» EXERCISE DESCRIPTION:
Take the lines below from the one with "Cover of the" through the one with "29 expansão dentária" and print only them, exactly. Don't print the pictures.

Short text fragments from websites
----------------

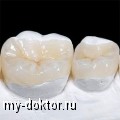 Протезирование зубов с применением вкладок - MY-DOKTOR.RU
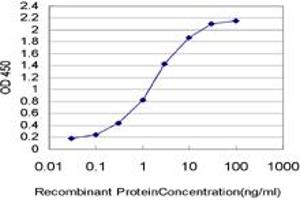 anti-Structural Maintenance of Chromosomes 1A (SMC1A) (AA 366-465) antibody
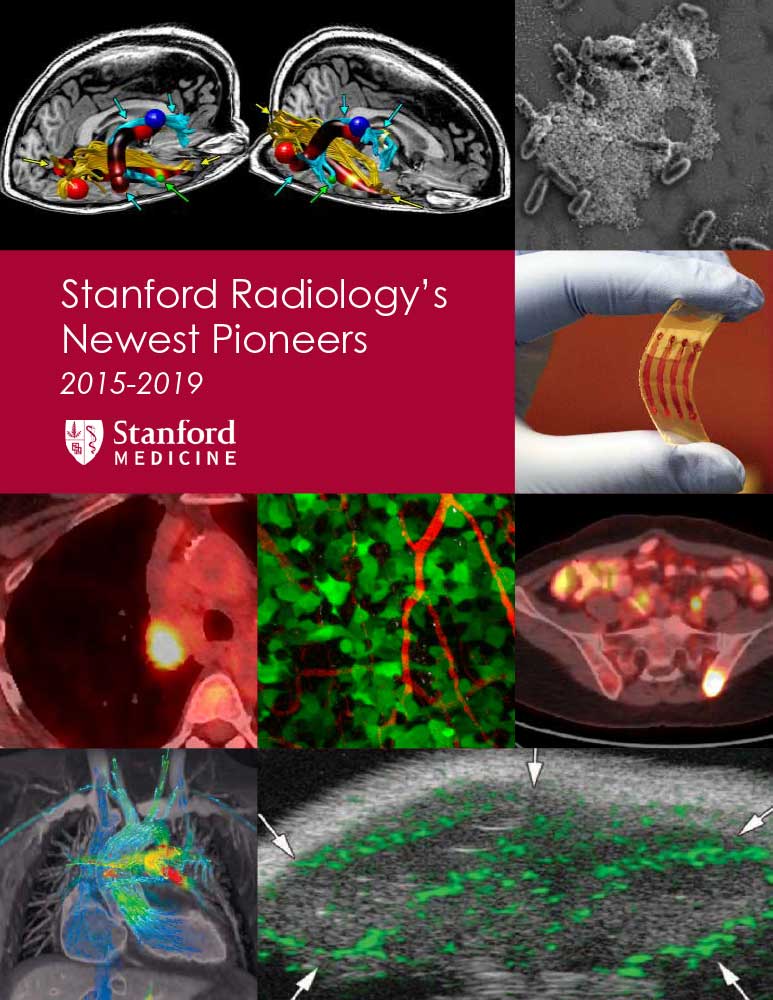 Cover of the Stanford Radiology's Newest Pioneers brochure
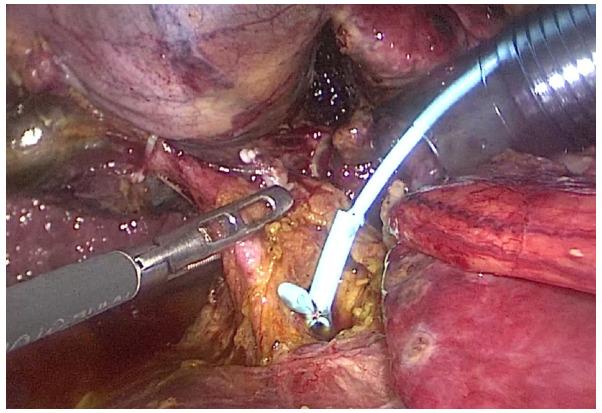 https://cdn.ncbi.nlm.nih.gov/pmc/blobs/5c57/9829082/ffa8a62eaacc/mi-01-04-00014-g04.jpg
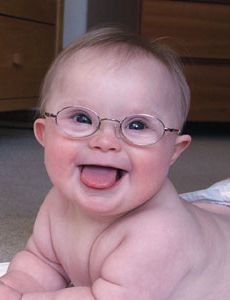 Nice idea but what about the HUMAN factor? | New computer-simulated prescribing strategies for glasses may help Down syndrome patients see better Baby With Glasses, Baby Faces, Life Expectancy, Just Smile, Beautiful Smile, Baby Pictures, Funny Kids, Baby Love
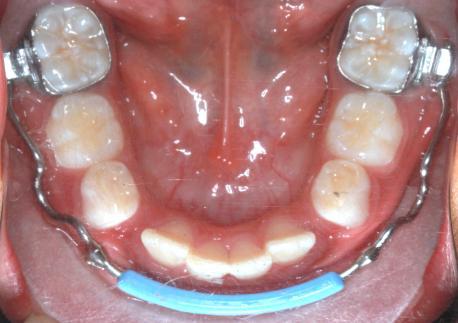 29 expansão dentária transversal, sendo indicada para o tratamento do apinhamento dentário inferior e como mantenedor de espaço em casos de perdas precoces de dentes decíduos pósteroinferiores,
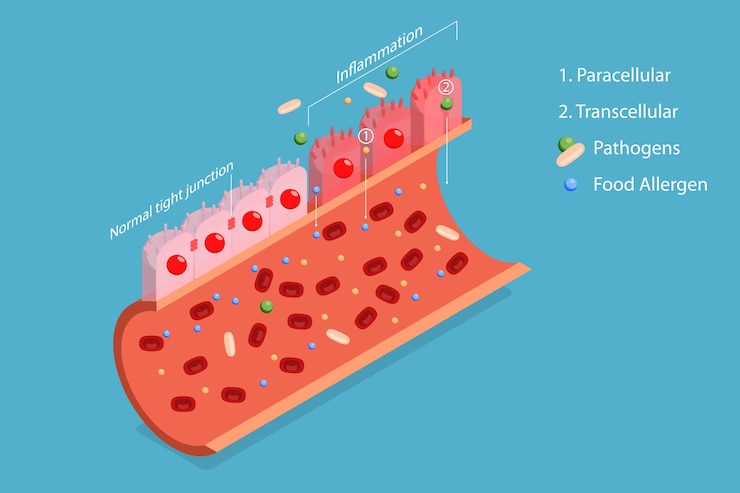 Vector ilustración conceptual de vector plano isométrico 3d del síndrome del intestino permeable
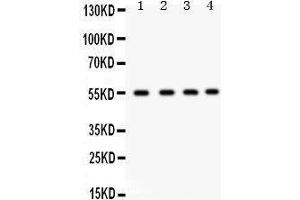 Western Blotting (WB) image for anti-Gap Junction Protein, alpha 3, 46kDa (GJA3) (AA 89-118), (N-Term) antibody (ABIN3042423)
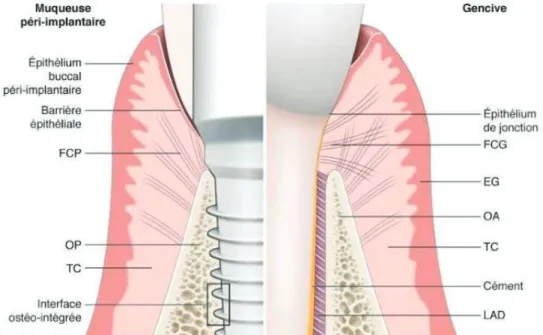Figure 8 : Principales différences entre le modèle parodontal et péri-implantaire. 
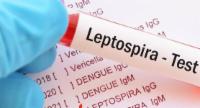 MOH Takes Action as Leptospirosis Cases Rise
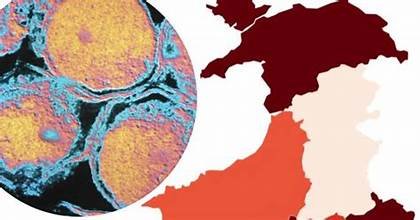 Europe STI Crisis Hits 10-Year High — What Travelers Must Know Now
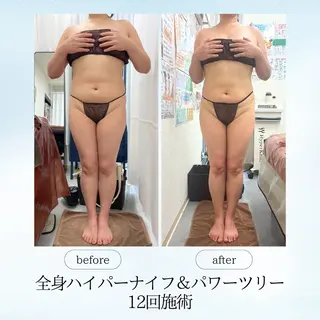 espresso,所属・《痩身、小顔専門店》 エスプレッソのエステ・リラクイメージ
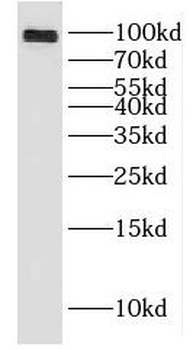 DLGAP5 Antibody
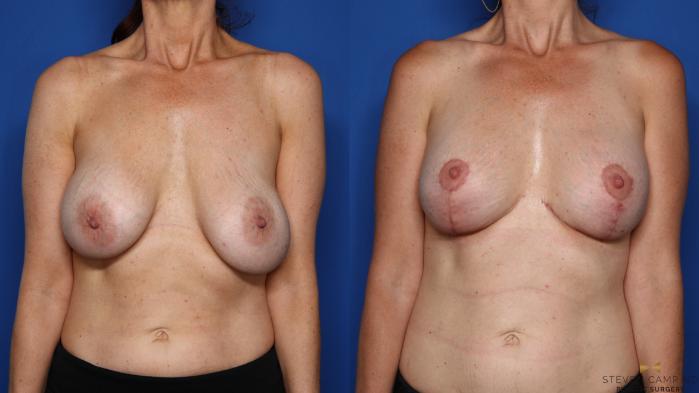 Before & After Breast Implant Exchange (Breast Revision) Case 398 Front View in Fort Worth & Arlington, Texas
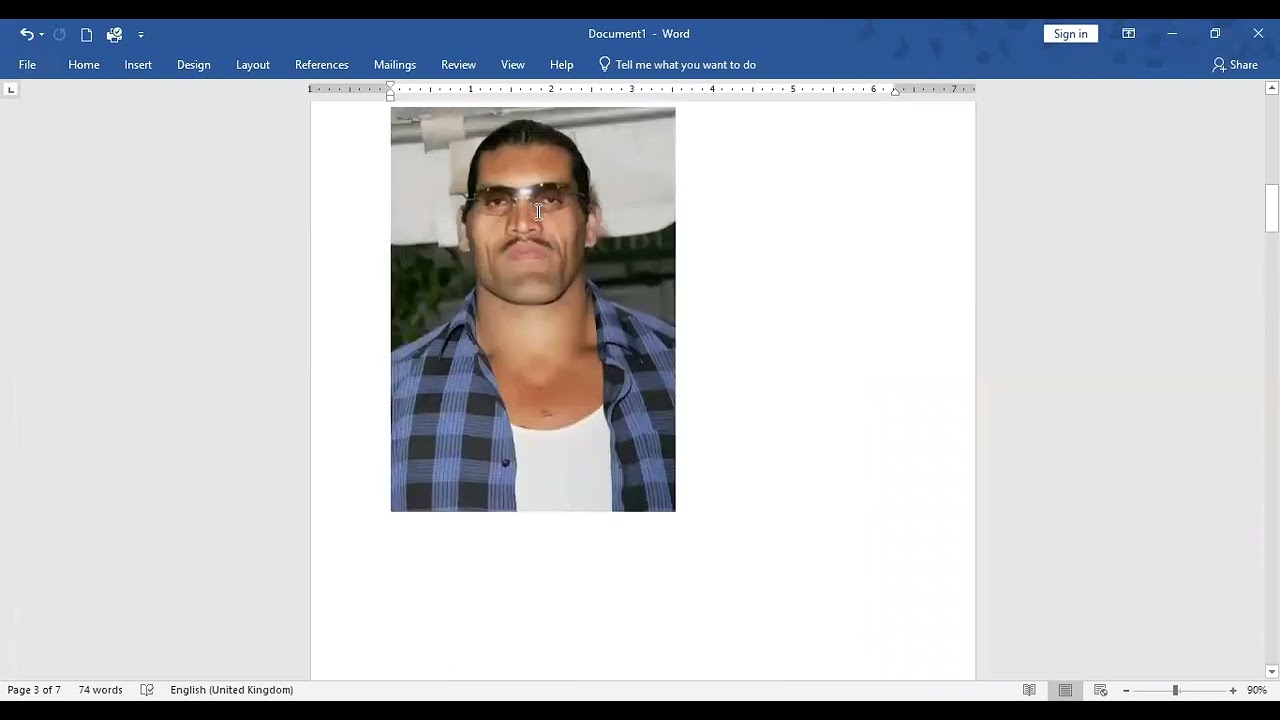 mrcp Station 5 adpkd, acromegaly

----------------

» ANSWER SPACE:
 Cover of the Stanford Radiology's Newest Pioneers brochure
 https://cdn.ncbi.nlm.nih.gov/pmc/blobs/5c57/9829082/ffa8a62eaacc/mi-01-04-00014-g04.jpg
 Nice idea but what about the HUMAN factor? | New computer-simulated prescribing strategies for glasses may help Down syndrome patients see better Baby With Glasses, Baby Faces, Life Expectancy, Just Smile, Beautiful Smile, Baby Pictures, Funny Kids, Baby Love
 29 expansão dentária transversal, sendo indicada para o tratamento do apinhamento dentário inferior e como mantenedor de espaço em casos de perdas precoces de dentes decíduos pósteroinferiores,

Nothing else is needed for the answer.